The time to event analysis clearly is more appropriate if your question is how diabetes affects the long-term survival of these patients, but as I understood it was more a question of whether it impacts their ‘acute’ outcome, where IMO ‘time’ is less important than the final status of the patient.

MSchwartz · December 2, 2019, 7:40pm

Hi Afshan,

I was traveling over the holiday here, so just getting back to you now.

I agree with the comments that Andrew makes regarding your advisor and the use of a Cox model. I don’t really see a role for it here, with the relatively short term outcomes.

Having been involved in the development of short term, in-hospital/30 day outcome models, I would advocate the use of logistic regression here for the binary outcome of discharge alive versus discharge dead.

One question, which I don’t see answered above, what is the incidence of death at discharge for these patients?

Andrew raises the notion of a proportional odds model, to handle multiple, exclusive and possibly ordered outcomes. However, that approach has it’s own assumptions and if violated, you may need to think about a multinomial model instead, if you go down that path.

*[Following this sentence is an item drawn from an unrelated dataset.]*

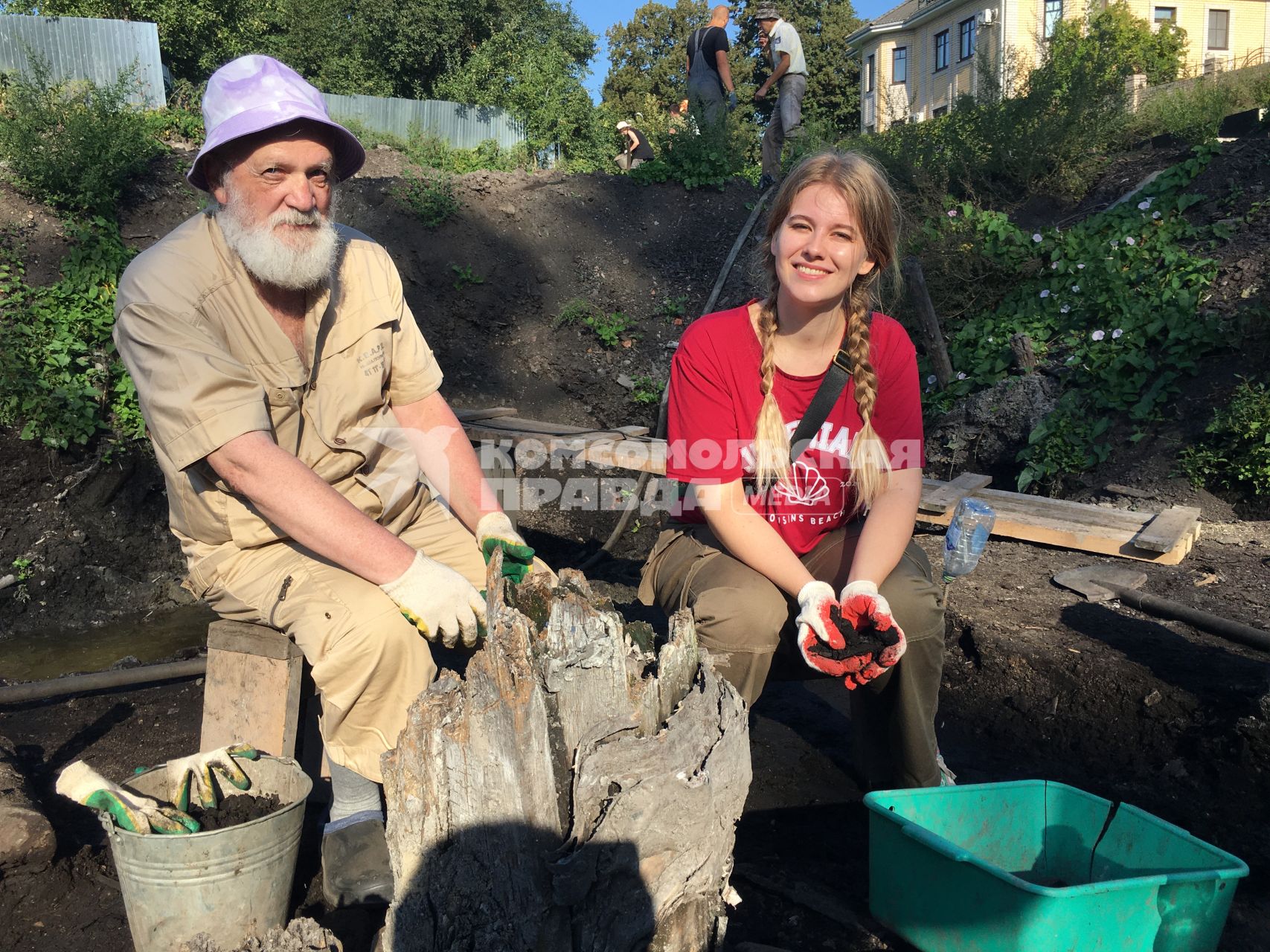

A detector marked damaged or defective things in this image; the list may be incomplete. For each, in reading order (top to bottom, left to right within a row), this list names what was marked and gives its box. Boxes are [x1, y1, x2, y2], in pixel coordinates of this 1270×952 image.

charred wooden post [904, 257, 955, 388]
charred wooden post [381, 556, 746, 949]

The short time frame between admissions for patients with multiple admissions is curious. Are these actually unique infections, or a recurrence of the prior infection that was not fully resolved? If the former, does it suggest that a re-admission is perhaps a surrogate for some other set of behavioral or environmental characteristics for these patients that put them at risk for a repeat infection? If the latter, is it a surrogate for a set of circumstances around the original care for the patient, perhaps including choices made by the patient and/or care team relative to overly conservative or incomplete care, or the patient being discharged prematurely AMA?

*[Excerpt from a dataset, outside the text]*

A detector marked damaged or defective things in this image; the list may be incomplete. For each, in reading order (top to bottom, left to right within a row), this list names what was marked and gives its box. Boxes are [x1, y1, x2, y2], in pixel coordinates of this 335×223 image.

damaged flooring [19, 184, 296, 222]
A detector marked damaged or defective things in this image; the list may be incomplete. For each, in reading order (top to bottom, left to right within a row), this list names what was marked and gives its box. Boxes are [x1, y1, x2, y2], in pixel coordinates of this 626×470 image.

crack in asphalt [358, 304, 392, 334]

The answer to that question might affect how you model the re-admissions and the covariates that you should consider.

If you do include the repeat admissions, as opposed to the primary admissions only, I would be sure to use re-admission (Yes/No) as a covariate to differentiate those patients.

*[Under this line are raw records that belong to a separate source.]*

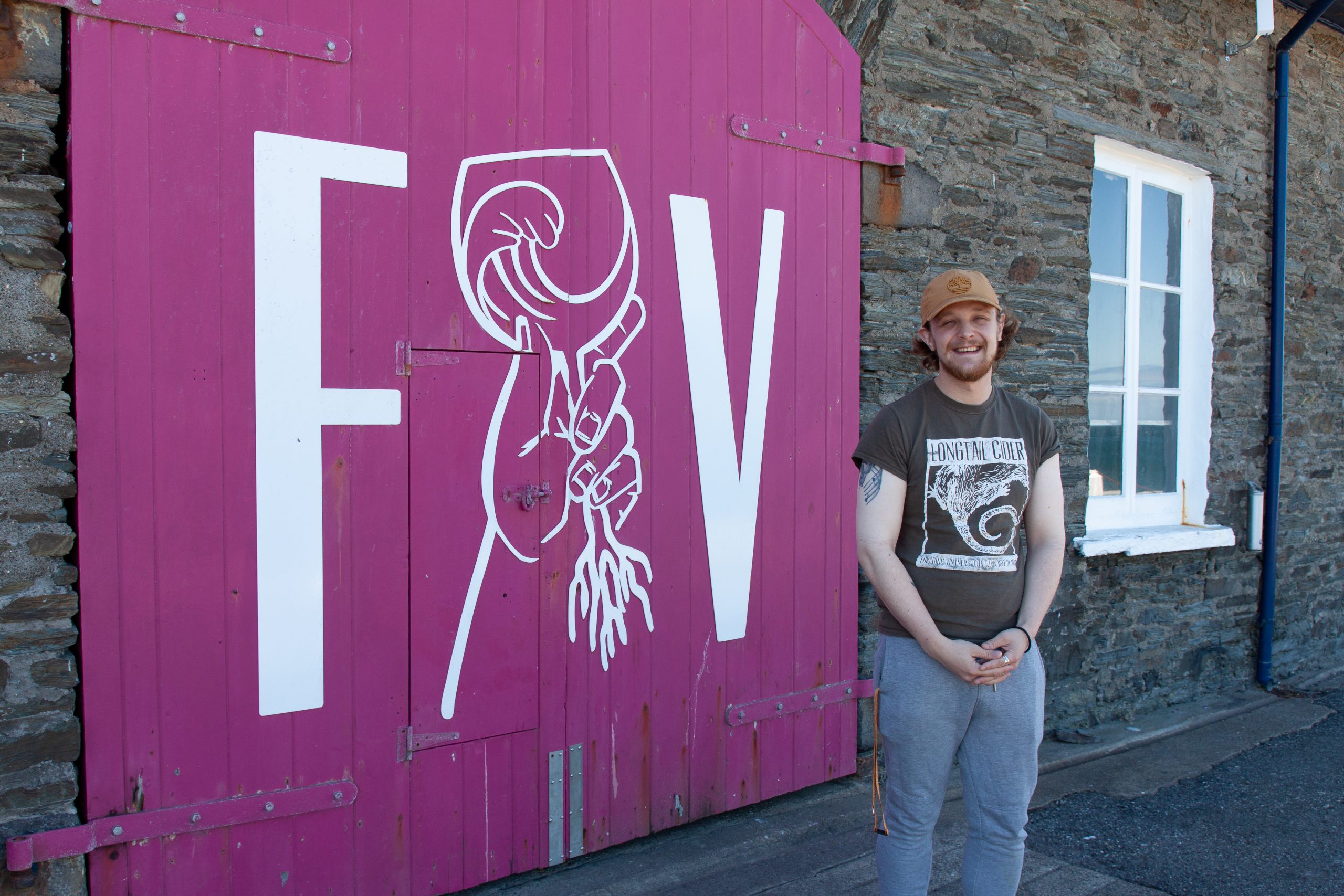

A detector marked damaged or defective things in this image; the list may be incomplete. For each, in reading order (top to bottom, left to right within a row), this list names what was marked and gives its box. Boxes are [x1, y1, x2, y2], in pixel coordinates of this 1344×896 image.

rusty metal bracket [36, 0, 352, 64]
rusty metal bracket [731, 115, 908, 167]
rusty metal bracket [731, 679, 876, 731]
rusty metal bracket [392, 725, 462, 763]
rusty metal bracket [4, 784, 357, 876]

You raise the notion of using year of admission as a covariate, which I would support. I would use year as a continuous variable, and not break it into groups. The trend, if one exists, may be subtle, and you may even consider using a cubic spline transformation on year, to handle a non-linear (non-straightline, possibly even non-monotonic) relationship.

On the data coding issues that you raise, if this information is coming from an administrative dataset, there are many failings in those, since they are coded to maximize reimbursement, and not to accurately reflect all comorbidities at admission, because there are a finite number of such codes that can be used. The presence or absence of a specific code over time, for patients with multiple admissions, may be a reflection of the coding system in use, and the heuristics used to maximize reimbursement, rather than due to oversight. There can also be problems in differentiating comorbidities versus complications. Keep that in mind as you review the data.

Frank raises an interesting point regarding active, but not yet discharged patients. As did Andrew, I had not considered this, but would recommend that you only include patients where the discharge status is known in the setting of logistic regression.

f2harrell · December 2, 2019, 10:17pm

To an earlier point there is nothing wrong with using time-to-event analysis with 9-day follow-up. There’s just not much to gain unless you have \geq 1 censored observation or unless you want to estimating P(T > t) where t < 9.

EpiLearneR · October 27, 2022, 5:18pm

dear prof,
If we take time to successful hosptial discharge as the outcome, will death be considered as a competing risk?

f2harrell · October 27, 2022, 5:49pm

No, death would be considered a failure to discharge home. Need to check that death doesn’t bring in some dependent censoring issue.